Study estimates effects of adding Rx coverage to Medicare
ANN ARBOR—If prescription drug coverage were added to Medicare, older Americans who do not currently have insurance covering prescriptions would be 8.8 percent more likely to use any prescription drugs, and overall spending on prescription drugs would increase by 13 percent.
Those are among the findings of a new study estimating how insurance coverage affects demand for prescription drugs, conducted by researchers at the University of Michigan and RAND, and published in the current (September) issue of Medical Care.
The study, funded by the National Institute on Aging, was conducted by Lee A. Lillard, a senior research scientist at the U-M Institute for Social Research; Jeannette Rogowski, a senior economist at RAND; and Raynard Kington, director of the Division of Health Examination Statistics at the National Center for Health Statistics/Centers for Disease Control.
“Based on the findings of this study, expansion of Medicare benefits to include prescription drugs would significantly increase the likelihood that elderly Americans would use prescription drugs,” says Lillard, an economist who directs the Michigan Retirement Research Center at the U-M. “It would also decrease the financial burden felt by elderly households associated with the purchase of prescription medications,” says Rogowski.
“Prescription drugs are an increasingly important component of medical treatment. They are also a significant and often unaffordable out-of-pocket cost for many older people,” notes Richard M. Suzman, associate director of behavioral and social research at the NIA. “This study helps us understand the potential impact that new drug benefits might have on benefits programs and on individuals.”
The study is based on a sample of 910 people age 66 and older, part of a supplement to the U-M Panel Study of Income Dynamics, a nationally representative, longitudinal survey of U.S. individuals and families, started in 1968.

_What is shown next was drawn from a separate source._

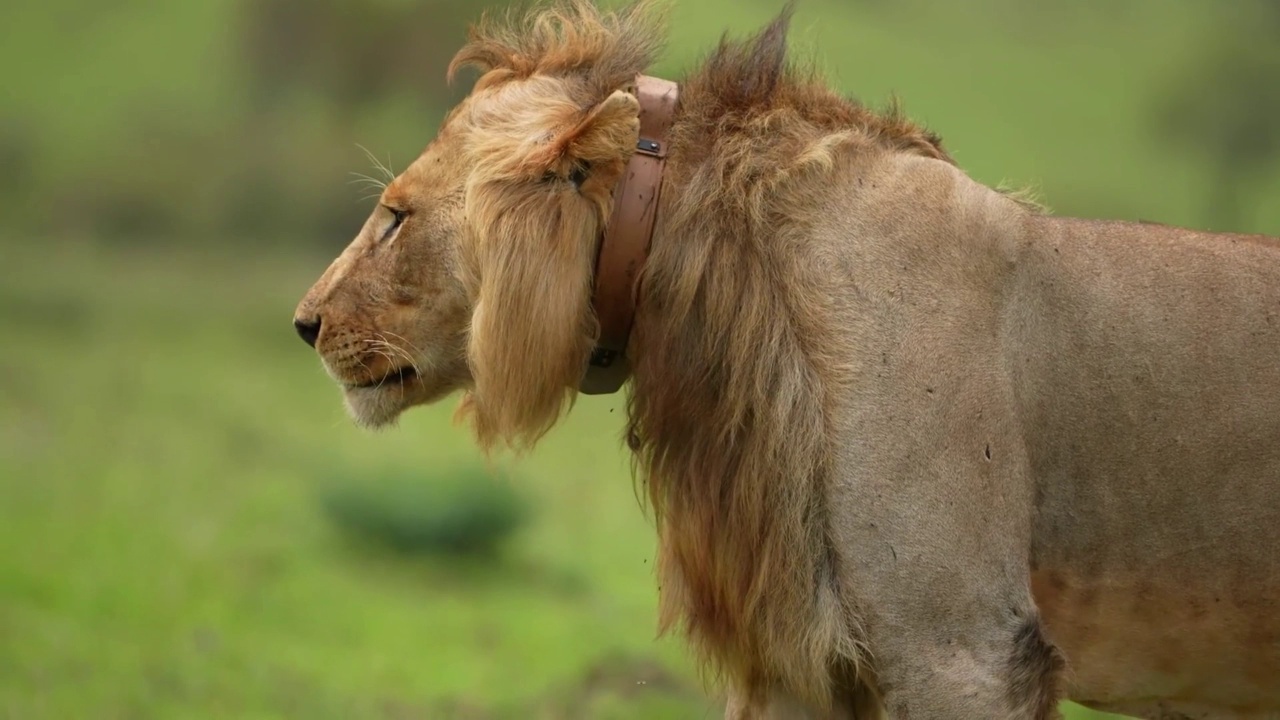 一只野生雄性非洲狮站在森林里的特写镜头。一只雄性非洲狮的特写视频素材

Of those in the study, 85 percent used some prescription drugs during the 12 months before they were surveyed. Among those users, the average expenditure in 1990 was $698, with an average out-of-pocket expense of $367 per person. Eighty percent had private insurance, but only 38 percent had private insurance that covered prescriptions.
The researchers found that health status, not insurance coverage, was by far the most important predictor of prescription drug use. But once health status was controlled for, they found that while those with insurance coverage were more likely than those without coverage to have any use of prescription drugs, coverage was not a significant predictor of the amount people spent on prescriptions.
Overall, for those age 66 and over, they found, coverage of prescription drugs would increase the likelihood of using any prescription drugs by 8.8 percent among persons without current insurance coverage for drugs. In 1990, that would have implied a 20 percent increase in overall spending for prescription drugs by older Americans, according to Rogowski. But since more older Americans currently have prescription coverage than in 1990, she estimates that overall spending would have increased by only 13 percent, given the level of prescription drug coverage among the elderly today.
These estimates are based on a drug benefit that reflects the average retiree health benefit policy in 1990. Medicare-negotiated discounts on drug prices, along with the size of potential co-payments, deductibles, or annual limits on benefit amounts, would lower the price tag of prescription drug coverage.